There may never be a good time to not have a first round draft pick in the NFL, but considering the depth of this year's talent, Redskins head coach Mike Shanahan says it won't be too bad.

Draft gurus have called this one of the deepest drafts in recent memory, without the "elite prospects" that normally headline a draft class (a la Robert Griffin III, Andrew Luck, Reggie Bush).

Especially considering the talent expected to be available beyond the second round, Shanahan told the media he was satisfied with the team's position headed into Thursday night.

"I think so, I do," he said, commending the depth of the draft. "I think you are getting offensive linemen and defensive linemen if you are the top 10 picks, it is a pretty good year; a few receivers in there as well. I think everyone sees the obvious ones.

"Each year is a little bit different. There is always value. It all depends what your team needs are and you get the guy that you want to help your football team."

For the Redskins, this has been a fortuitous scenario playing out over the last five drafts.

In 2009, the team needed to upgrade the pass rush, selecting linebacker Brian Orkapo with the 13th overall pick.

Orakpo offered instant gratification, being selected to the Pro Bowl in each of his first two seasons. He enters 2013 as one of the veteran leaders on defense.

In 2010, head coach Mike Shanahan sought to rebuild the foundation by selecting a franchise left tackle with the No. 4 overall pick.

Trent Williams struggled with consistency over his first two seasons, but developed into one of the NFL's top tackles in 2011 and was voted to the Pro Bowl in 2012.

In 2011, the Redskins had a number of options, but chose to select linebacker Ryan Kerrigan as a complement to Orakpo in the pass rush.

During his two seasons on the team, Kerrigan has a team-leading 16 sacks and was elected to his first Pro Bowl last season.

In 2012, the Redskins had a glaring need at quarterback and made the blockbuster trade necessary to select Robert Griffin III.

His accolades need no introduction, but his contributions to the team's NFC East Championship justify the loss of this year's first round draft pick.

While the identity of the Redskins' first overall pick of the 2013 NFL Draft will likely not be known until tomorrow evening, the Redskins appear to be in good position to address the team's top needs.

Despite the coincidence, Shanahan insisted it was nothing more than that: a lucky coincidence.

"We know where the strength of the draft is and sometimes you are really lucky when it does play into your hands," he said. "You never know how many juniors are going to come out. That is a big question mark.

"I think everyone has a feel for the seniors, but you are not really sure how many juniors will come out. They influence the draft drastically."

In preparation for tomorrow night's pick, the Redskins decision makers will likely spend the evening adjusting the team's draft board and trying to find a gem at No. 51.

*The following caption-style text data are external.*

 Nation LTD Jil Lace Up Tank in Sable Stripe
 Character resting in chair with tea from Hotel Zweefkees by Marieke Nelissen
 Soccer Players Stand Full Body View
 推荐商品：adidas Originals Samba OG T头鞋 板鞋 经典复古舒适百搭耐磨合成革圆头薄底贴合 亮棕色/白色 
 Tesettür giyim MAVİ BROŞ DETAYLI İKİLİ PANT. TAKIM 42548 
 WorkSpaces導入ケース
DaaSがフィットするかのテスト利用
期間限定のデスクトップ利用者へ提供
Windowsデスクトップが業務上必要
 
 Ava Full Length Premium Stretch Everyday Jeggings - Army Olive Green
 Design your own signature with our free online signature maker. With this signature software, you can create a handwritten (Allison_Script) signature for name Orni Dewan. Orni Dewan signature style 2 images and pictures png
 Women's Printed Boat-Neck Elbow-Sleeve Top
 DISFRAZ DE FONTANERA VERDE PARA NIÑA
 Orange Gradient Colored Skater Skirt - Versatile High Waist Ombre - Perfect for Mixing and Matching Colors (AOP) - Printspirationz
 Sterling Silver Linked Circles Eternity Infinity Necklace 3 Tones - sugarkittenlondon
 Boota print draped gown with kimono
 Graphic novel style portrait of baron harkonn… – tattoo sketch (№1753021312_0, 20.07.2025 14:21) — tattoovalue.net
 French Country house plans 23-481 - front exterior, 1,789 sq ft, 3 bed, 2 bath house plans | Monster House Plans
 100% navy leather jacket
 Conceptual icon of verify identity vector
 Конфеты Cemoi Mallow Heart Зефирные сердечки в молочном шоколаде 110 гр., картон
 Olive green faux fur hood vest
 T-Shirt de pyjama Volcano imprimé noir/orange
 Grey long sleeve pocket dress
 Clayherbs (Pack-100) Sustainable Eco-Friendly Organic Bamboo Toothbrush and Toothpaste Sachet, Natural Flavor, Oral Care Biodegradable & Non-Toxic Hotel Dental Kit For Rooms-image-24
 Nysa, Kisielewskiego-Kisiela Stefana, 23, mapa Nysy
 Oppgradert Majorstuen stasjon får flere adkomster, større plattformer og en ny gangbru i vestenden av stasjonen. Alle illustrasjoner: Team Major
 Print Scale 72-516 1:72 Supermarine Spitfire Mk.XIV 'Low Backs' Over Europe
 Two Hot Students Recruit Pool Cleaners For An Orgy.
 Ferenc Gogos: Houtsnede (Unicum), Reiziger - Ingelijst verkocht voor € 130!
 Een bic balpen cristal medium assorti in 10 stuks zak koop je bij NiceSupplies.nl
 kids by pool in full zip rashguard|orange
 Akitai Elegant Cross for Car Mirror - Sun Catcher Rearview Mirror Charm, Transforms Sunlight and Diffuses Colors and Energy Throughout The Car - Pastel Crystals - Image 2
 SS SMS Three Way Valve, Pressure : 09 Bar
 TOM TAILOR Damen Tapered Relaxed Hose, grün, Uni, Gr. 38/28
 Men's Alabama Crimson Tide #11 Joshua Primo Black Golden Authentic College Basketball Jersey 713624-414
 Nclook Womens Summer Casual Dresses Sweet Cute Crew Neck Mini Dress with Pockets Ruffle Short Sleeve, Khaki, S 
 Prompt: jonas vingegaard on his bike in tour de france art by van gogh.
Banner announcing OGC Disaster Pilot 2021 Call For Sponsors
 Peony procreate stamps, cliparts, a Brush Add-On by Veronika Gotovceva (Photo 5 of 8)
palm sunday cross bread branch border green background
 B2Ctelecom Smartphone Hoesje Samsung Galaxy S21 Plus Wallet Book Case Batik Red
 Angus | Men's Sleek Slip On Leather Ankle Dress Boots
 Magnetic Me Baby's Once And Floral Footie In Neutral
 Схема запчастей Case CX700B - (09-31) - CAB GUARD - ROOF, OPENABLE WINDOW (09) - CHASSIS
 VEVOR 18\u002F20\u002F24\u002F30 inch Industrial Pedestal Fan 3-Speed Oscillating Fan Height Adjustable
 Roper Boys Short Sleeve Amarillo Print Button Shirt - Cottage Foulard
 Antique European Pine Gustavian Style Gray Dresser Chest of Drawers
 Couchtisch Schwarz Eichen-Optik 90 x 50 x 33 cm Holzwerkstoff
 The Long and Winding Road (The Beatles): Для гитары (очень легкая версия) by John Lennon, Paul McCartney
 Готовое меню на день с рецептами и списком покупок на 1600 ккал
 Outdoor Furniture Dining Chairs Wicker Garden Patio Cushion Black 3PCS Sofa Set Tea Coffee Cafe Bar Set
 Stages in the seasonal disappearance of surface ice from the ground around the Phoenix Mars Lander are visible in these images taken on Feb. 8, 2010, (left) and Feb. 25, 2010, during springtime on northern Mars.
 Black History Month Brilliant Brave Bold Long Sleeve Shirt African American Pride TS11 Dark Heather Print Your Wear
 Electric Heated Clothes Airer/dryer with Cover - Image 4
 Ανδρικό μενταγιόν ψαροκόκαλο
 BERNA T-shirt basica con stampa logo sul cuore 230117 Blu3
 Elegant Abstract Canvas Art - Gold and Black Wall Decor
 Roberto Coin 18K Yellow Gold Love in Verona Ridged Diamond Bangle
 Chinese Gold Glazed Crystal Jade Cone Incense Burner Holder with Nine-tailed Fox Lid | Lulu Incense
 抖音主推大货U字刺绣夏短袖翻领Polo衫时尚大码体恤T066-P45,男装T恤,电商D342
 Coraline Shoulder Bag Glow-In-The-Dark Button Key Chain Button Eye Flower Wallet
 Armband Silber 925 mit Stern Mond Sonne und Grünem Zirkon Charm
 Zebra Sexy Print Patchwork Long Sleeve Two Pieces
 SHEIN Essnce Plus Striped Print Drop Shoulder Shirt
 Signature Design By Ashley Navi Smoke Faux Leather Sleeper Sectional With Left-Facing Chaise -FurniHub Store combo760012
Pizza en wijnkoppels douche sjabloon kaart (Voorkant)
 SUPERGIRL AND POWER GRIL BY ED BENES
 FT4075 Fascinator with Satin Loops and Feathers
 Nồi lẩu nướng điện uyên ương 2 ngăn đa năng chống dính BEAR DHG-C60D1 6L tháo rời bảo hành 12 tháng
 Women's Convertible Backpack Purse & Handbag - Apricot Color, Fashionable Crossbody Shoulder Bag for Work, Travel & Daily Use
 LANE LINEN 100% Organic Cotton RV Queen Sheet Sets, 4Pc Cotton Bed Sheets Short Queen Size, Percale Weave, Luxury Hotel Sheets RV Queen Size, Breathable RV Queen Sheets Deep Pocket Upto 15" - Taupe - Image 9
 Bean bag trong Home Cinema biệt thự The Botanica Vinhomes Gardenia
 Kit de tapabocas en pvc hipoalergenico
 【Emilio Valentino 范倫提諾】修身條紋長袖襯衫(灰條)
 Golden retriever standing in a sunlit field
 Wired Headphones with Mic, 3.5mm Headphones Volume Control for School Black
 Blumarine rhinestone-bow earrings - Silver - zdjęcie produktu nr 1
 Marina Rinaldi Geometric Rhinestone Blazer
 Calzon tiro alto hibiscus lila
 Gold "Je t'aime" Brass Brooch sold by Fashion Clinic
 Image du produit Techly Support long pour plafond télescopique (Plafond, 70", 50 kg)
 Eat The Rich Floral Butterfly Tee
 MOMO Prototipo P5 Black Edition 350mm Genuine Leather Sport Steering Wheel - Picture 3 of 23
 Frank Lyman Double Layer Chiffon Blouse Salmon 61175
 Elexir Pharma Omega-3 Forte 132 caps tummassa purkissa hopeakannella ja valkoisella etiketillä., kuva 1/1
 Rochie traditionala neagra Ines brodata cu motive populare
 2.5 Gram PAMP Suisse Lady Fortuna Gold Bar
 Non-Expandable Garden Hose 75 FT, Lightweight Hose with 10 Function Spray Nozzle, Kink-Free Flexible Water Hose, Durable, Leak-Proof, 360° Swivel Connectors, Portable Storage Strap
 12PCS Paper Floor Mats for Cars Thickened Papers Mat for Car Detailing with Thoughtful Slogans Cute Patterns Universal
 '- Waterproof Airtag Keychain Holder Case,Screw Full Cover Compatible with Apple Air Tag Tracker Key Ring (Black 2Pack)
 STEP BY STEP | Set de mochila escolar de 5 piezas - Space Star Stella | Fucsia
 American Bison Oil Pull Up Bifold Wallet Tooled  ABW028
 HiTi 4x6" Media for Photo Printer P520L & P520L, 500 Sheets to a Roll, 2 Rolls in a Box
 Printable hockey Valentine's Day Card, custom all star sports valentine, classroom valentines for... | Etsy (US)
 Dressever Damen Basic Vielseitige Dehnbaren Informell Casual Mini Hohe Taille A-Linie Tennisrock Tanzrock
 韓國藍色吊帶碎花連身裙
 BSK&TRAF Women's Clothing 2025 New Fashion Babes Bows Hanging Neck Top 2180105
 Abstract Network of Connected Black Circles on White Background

"Sometimes you are lucky enough to find guys like that, other times you miss out. That's what we are looking for and that is why we look at a lot of film," Shanahan said. "There are guys that make it in the second, third, fourth round that you say, 'Why aren't fourth-round players a first-round player?'

The Redskins had good fortunes twice last year, selecting Kirk Cousins three rounds after where Shanahan projected him to go, and finding a franchise running back in the sixth round.

"Why wasn't Alfred Morris a first-round player?" Shanahan asked rhetorically. "He should have been with his production.

"You try to look at all the scenarios and you try to figure out why a guy does last until the sixth round and you try to find those guys out there."